To follow along with this Scribus tutorial, you will need the latest version of Scribus installed on your computer. Although this article uses Scribus running on Windows 7 (32 bit), other versions of Scribus should be similar so you will be able to follow each step. To get started, open Scribus and then create a new single page document to learn these tips on creating tables in Scribus.
Creating a Scribus Table
From the Scribus tool bar, click the “Insert Table” button. as an alternative, you can use the keyboard shortcut by typing “A.” You should now have the “Table” cursor.
In the work area, left click and drag to define the size of your table. When you release the mouse button you will see the “Insert Table” dialog where you can define the number of rows and columns in your Scribus table. Here we will create a table with three rows and two columns.
When you click the “OK” button, you will see your table appear in your work area.
You can now enter data into your Scribus table and edit it as necessary.

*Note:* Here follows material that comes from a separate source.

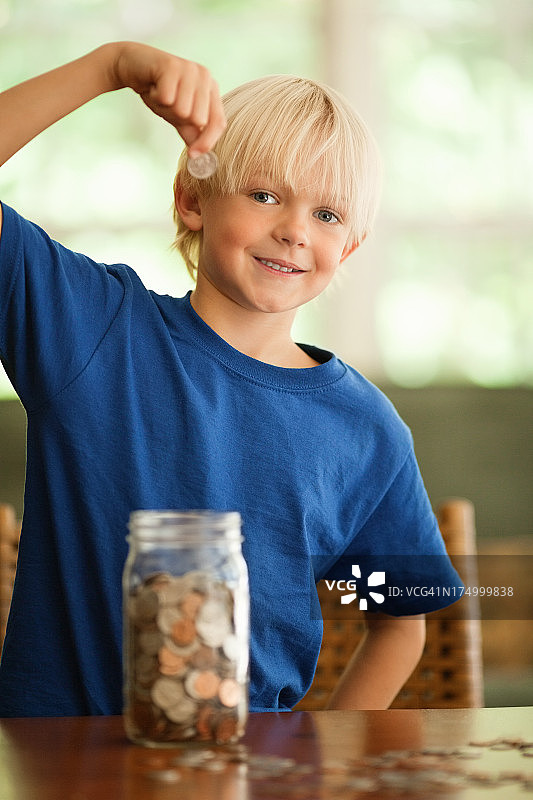 小男孩往玻璃罐里存钱图片素材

Tips for Using the Scribus Table
1. Entering data. You may notice that you cannot add data to the Scribus table you just created. To add text to the cells, you will have to ungroup the table. To do this, right click on the table and choose “Ungroup” from the context menu. You can also press from the keyboard as a shortcut.
To enter text in a cell, right click on it and then choose “Edit Text.” In the “Story Editor” window, type in and format the text for the cell. When done, click the green check box.
Now you can fill in your Scribus table. Keep in mind that you will not be able to tab from one cell to the next. Instead, you will have to manually place your mouse in each field.
2. Resize columns and rows by selecting all the frames in one column and then resize them all together by grabbing the handles with the mouse. If you want to change formatting inside each cell, you will have to edit it individually with the Story Editor.
3. Merging cells really doesn’t work in a Scribus table. If you need to merge cells, delete cells that are in the way and then expand an existing cell to the desired size.
You probably have discovered by now that a Scribus table is nothing like an Excel spreadsheet. In fact, the table function does little more than create a series of text frames in column / row order. Unfortunately, Scribus has limited import functions. If you have a lot of formatted data in an Excel spreadsheet, you may want to convert it to an image file, convert it into an .svg and then import it into Scribus as an image.